In this stream of research, [9] analysed the mathematical properties of the h index, and [3]proposed to employ a stochastic model for an author’s production/citation patterns. Following this mathematical formalisation, it becomes possible to analyse the h-index of individual researchers, whether or not in different fields, and compare them with each other.
Along a more empirical research line, [13] proposed to use a simple multiplicative correction to the h index to take into account the differences among researchers coming from different sectors, thus allowing a fair and sustainable comparison. They propose in particular a table with such normalizing factors, according to specific distributional assumptions of the citations.
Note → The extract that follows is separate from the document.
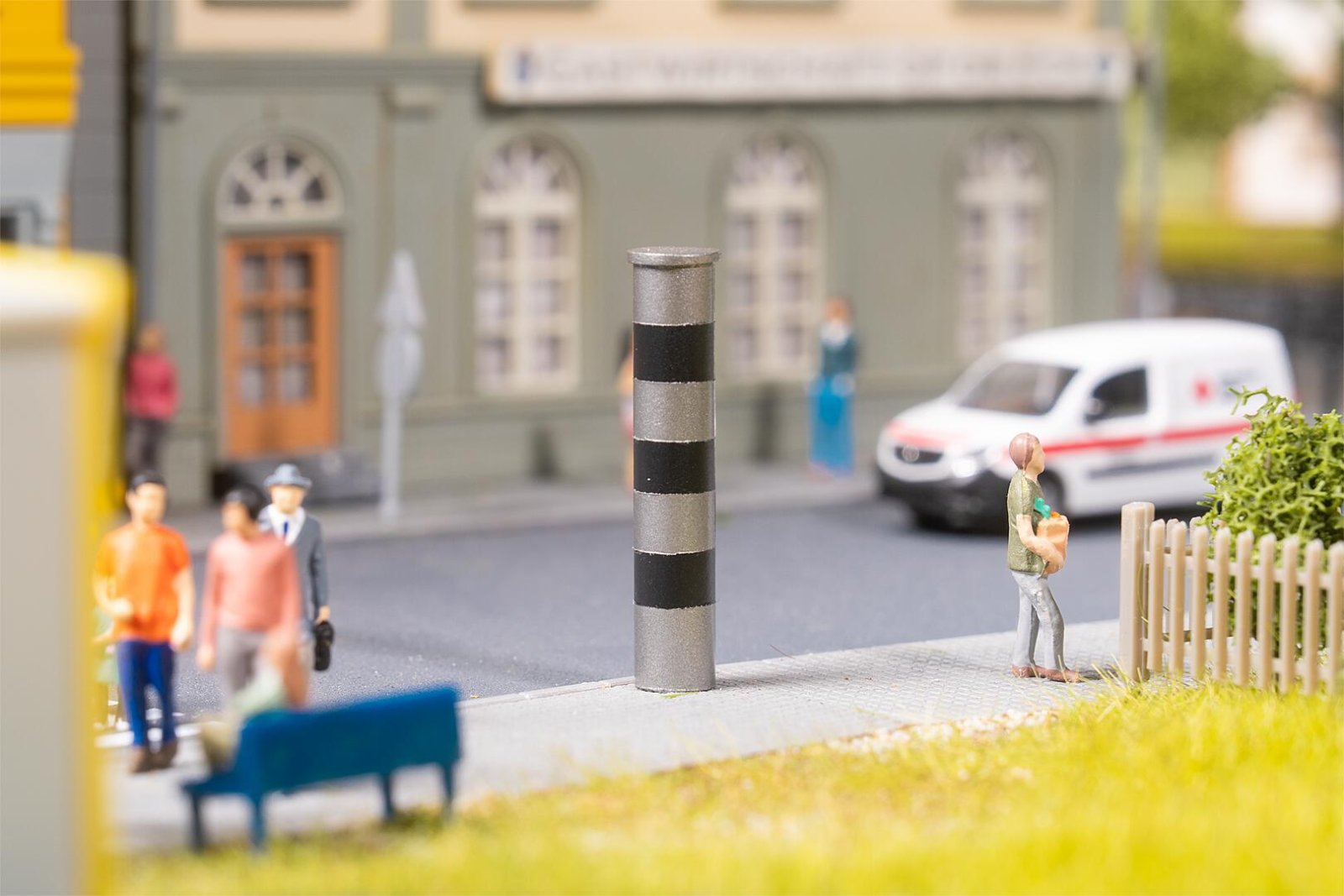 3 Blitzersäulen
Their approach provides a simple way to explain and measure differences between different scientific fields. In a similar vein, [2] propose a rescaling procedure based on the Gini entropy and [12] propose a different rescaling, that takes into account the number of coautors: the fractional h-index.
We employ both streams of research as a starting point. More precisely, we follow [6], who, expanding the contribution of [9], propose a statistical approach that indicates that a Poisson distribution is a well suited approximation for the distribution of the h-index. In this paper we will show that a Poisson distribution is well suited to explain the drivers of the h-index. And we will employ this theoretical result to understand whether the h-index of a scientist depends on his/her filed of research, following the research line of [13], also followed by [15].
The paper is organized as follows: in Methodology section we review the proposal of [6] and formalise the model; in Application section we apply the new approach to a database of scientists homogeneous by nationality and, therefore, by scientific culture. Finally, Discussion section contains some concluding remarks.
Methodology
The paper of [11] has proposed a ”transparent, unbiased and very hard to rig measure” ([1]): the h index.
According to the definition, a scientist has index h if [math]\displaystyle{ h }[/math] of his or her n papers have at least [math]\displaystyle{ h }[/math] citations each and the other [math]\displaystyle{ (n-h) }[/math] papers have [math]\displaystyle{ ≤ h }[/math] citations each.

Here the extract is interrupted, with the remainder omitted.